:: Task directions ::
Please transcribe the lines below exactly, and leave every image behind.

:: Recorded information ::
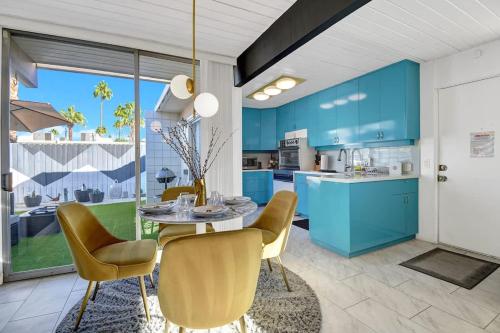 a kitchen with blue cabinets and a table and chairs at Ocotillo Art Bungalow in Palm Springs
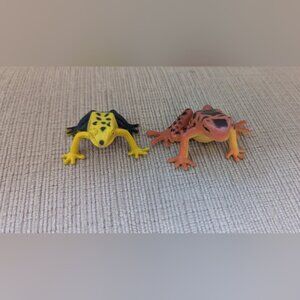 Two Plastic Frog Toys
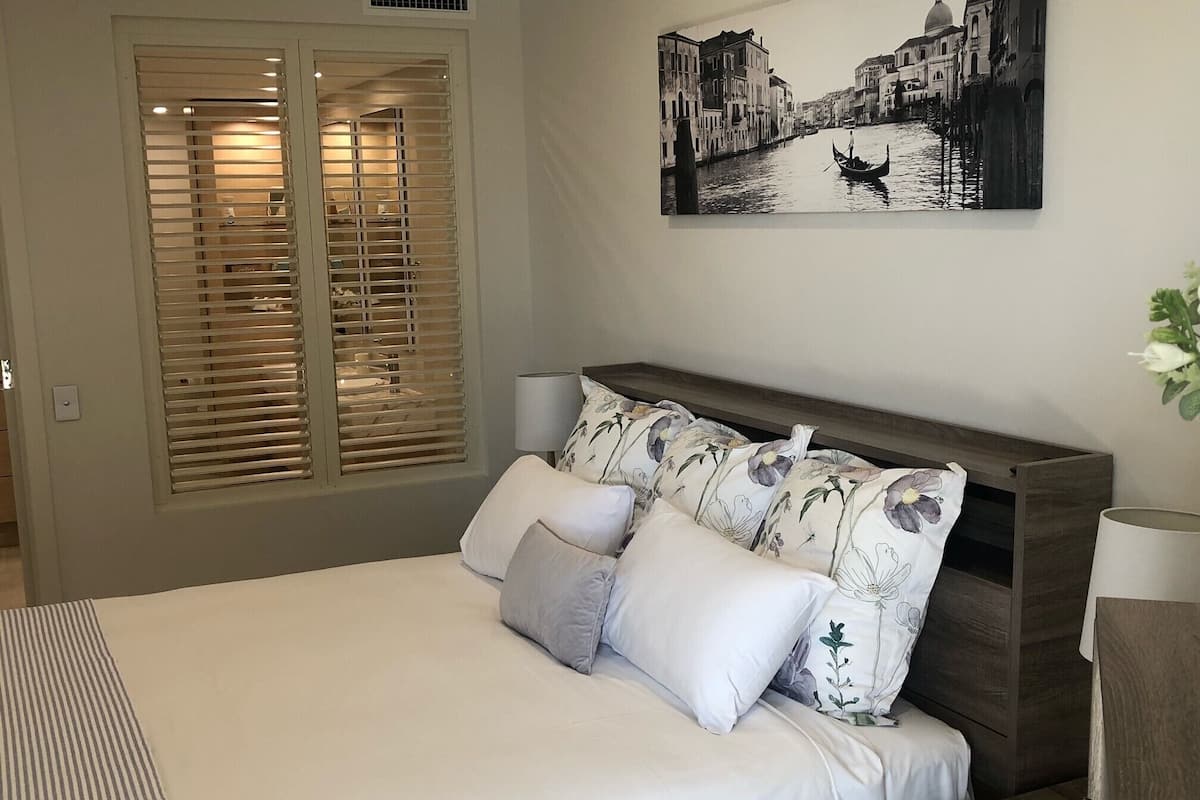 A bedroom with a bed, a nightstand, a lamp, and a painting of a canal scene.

:: Answer for this exercise ::
 a kitchen with blue cabinets and a table and chairs at Ocotillo Art Bungalow in Palm Springs
 Two Plastic Frog Toys
 A bedroom with a bed, a nightstand, a lamp, and a painting of a canal scene.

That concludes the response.